The 2013/14 Crew consisted of:
- Captain James Murray Kayll, Light Dragoons. James Kayll was the able-bodied Skipper of this second Row2Recovery Atlantic crossing.
- Lance Corporal Cayle Royce MBE, Light Dragoons. Whilst on patrol in Helmand, Afghanistan, in May 2012 with the Brigade Reconnaissance, Cayle Royce lost both legs above the knee, and the fingers on his left hand, when an IED detonated.
- Corporal Scott Blaney, Grenadier Guards. Scott Blaney had his right leg and elbow shattered while he was on patrol in Helmand, Afghanistan in May 2007, when an IED exploded, killing one of his colleagues and injuring four others.
- Captain Mark Edward Jenkins, Royal Army Medical Corps. Mark Jenkins was second of the two able-bodied members of that crew.

=== 2014. Prince Harry launches military adaptive rowing programme ===
On 11 March 2014, Prince Harry formally launched Row2Recovery’s inland programme in the UK at the Henley River and Rowing Museum, helped by a grant from the Endeavour Fund, part of The Royal Foundation of The Duke and Duchess of Cambridge and Prince Harry. In addition to British Rowing and Help for Heroes, the programme is specifically supported by the Sports Recovery programme at Tedworth House; the GB Rowing Team; British Rowing's Rowability Programme; the Defence Medical Rehabilitation Centre Headley Court; Hasler Naval Service Recovery Centre; Guildford Rowing Club; Marlow Rowing Club and Gateshead Community Rowing Club. It was at this event that Prince Harry and Sir Keith Mills were given a demonstration of an indoor adaptive-rowing race which helped convince them that it was an appropriate sport for the Invictus Games.

=== 2015/16. Team Legless rows the Atlantic ===
On 20 December 2015, Row2Recovery's third Atlantic rowing crew departed the Port of San Sebastian on La Gomera, one of Spain's Canary Islands. The crew was made of up of four injured servicemen; two who had been wounded in action and two in accidents in the UK. 46 days; 6 hours; 49 minutes later, Team Endeavour arrived in English Harbour, Antigua on 4 February 2016.
The 2015/16 Crew consisted of:
- Lance Corporal Cayle Royce, MBE, Light Dragoons. Having already rowed the Atlantic with Team Endeavour in 2014, Cayle Royce agreed to Skipper of this third Row2Recovery Atlantic crossing, this time with an all-amputee crew.
- Colour Sergeant Lee ("Frank") Spencer, Royal Marines. Lee Spencer lost his right leg below the knee when he was hit by a piece of flying debris whilst helping at the scene of an earlier traffic accident in September 2014.
- Guardsman Patrick Gallagher, Irish Guards. Patrick Gallagher lost his right leg below the knee from an IED in Nad-e Ali, Helmand, Afghanistan in 2009.
- Flight Sergeant Nigel Rogoff, Royal Air Force. Nigel Rogoff lost his left leg above the knee whilst taking part in a Royal Air Force parachuting display in December 1998.
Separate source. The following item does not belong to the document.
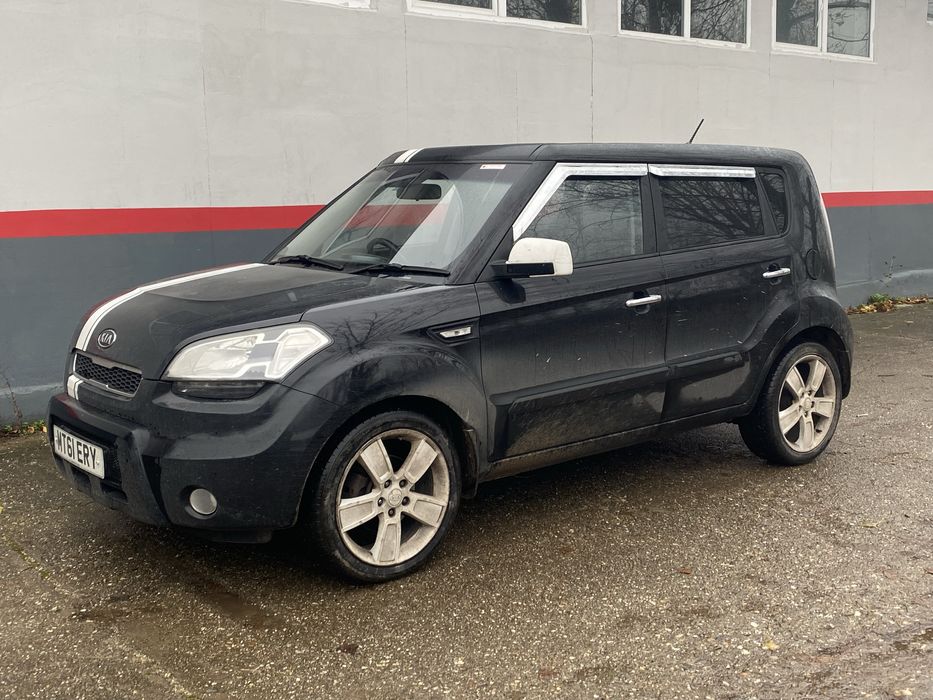 Kia Soul 1.6 CRDi 94 kW D4FB 2011 – На части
=== 2017/18. Team Trident breaks able-bodied World Record ===
Row2Recovery's fourth Atlantic rowing crew, having departed the Port of San Sebastián on La Gomera, one of Spain's Canary Islands on 14 December 2017, arrived in English Harbour, Antigua, on the 20 January 2018 after 37 days, 8 hours and 8 minutes. They beat the previous fastest time for a Pair to row the Atlantic by 3 days.
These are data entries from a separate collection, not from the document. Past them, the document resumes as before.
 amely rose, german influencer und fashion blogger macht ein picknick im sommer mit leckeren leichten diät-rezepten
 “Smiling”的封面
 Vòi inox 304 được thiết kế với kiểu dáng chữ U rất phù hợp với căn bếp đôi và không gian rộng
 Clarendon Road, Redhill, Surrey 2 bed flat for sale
The crew was made of up of one injured and one able-bodied serviceman.
The 2017/18 Crew consists of:
- Lance Corporal Jordan Beecher, Parachute Regiment. Jordan Beecher lost his left leg below the knee from an IED in Afghanistan in October 2012.
- Captain Jonathan Kevin Armstrong, Parachute Regiment and Royal Gurkha Rifles.

== Fundraising ==
To date, through these extreme adaptive rowing endeavours, Row2Recovery crews have raised over a million pounds for the large military charities including BLESMA; Prince Harry's Endeavour Fund; Help for Heroes; The Soldiers' Charity and SSAFA.